Brief descriptive captions:
⁂

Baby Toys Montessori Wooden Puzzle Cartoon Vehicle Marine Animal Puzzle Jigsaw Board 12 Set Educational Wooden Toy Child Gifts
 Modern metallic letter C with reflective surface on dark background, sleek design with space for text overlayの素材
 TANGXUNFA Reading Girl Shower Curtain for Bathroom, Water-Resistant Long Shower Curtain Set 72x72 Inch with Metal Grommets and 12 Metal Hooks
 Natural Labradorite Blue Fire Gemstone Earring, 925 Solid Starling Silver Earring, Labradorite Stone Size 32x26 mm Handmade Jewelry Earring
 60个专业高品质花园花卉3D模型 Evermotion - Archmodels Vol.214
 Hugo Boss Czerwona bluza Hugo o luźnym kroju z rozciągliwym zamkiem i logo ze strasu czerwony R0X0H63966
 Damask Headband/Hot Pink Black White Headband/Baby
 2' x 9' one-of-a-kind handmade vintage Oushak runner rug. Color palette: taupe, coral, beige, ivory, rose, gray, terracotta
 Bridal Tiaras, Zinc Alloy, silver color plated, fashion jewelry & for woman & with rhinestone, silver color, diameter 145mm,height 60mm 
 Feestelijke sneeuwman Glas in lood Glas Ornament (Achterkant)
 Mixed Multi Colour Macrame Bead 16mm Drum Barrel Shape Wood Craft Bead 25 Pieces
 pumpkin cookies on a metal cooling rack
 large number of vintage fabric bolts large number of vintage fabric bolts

⁂

** BRIEF **
The reply should hold only the lines from the top of the records through the line that has "Feestelijke sneeuwman Glas", each one exact.

** SOLUTION TO THIS PROBLEM **
Baby Toys Montessori Wooden Puzzle Cartoon Vehicle Marine Animal Puzzle Jigsaw Board 12 Set Educational Wooden Toy Child Gifts
 Modern metallic letter C with reflective surface on dark background, sleek design with space for text overlayの素材
 TANGXUNFA Reading Girl Shower Curtain for Bathroom, Water-Resistant Long Shower Curtain Set 72x72 Inch with Metal Grommets and 12 Metal Hooks
 Natural Labradorite Blue Fire Gemstone Earring, 925 Solid Starling Silver Earring, Labradorite Stone Size 32x26 mm Handmade Jewelry Earring
 60个专业高品质花园花卉3D模型 Evermotion - Archmodels Vol.214
 Hugo Boss Czerwona bluza Hugo o luźnym kroju z rozciągliwym zamkiem i logo ze strasu czerwony R0X0H63966
 Damask Headband/Hot Pink Black White Headband/Baby
 2' x 9' one-of-a-kind handmade vintage Oushak runner rug. Color palette: taupe, coral, beige, ivory, rose, gray, terracotta
 Bridal Tiaras, Zinc Alloy, silver color plated, fashion jewelry & for woman & with rhinestone, silver color, diameter 145mm,height 60mm 
 Feestelijke sneeuwman Glas in lood Glas Ornament (Achterkant)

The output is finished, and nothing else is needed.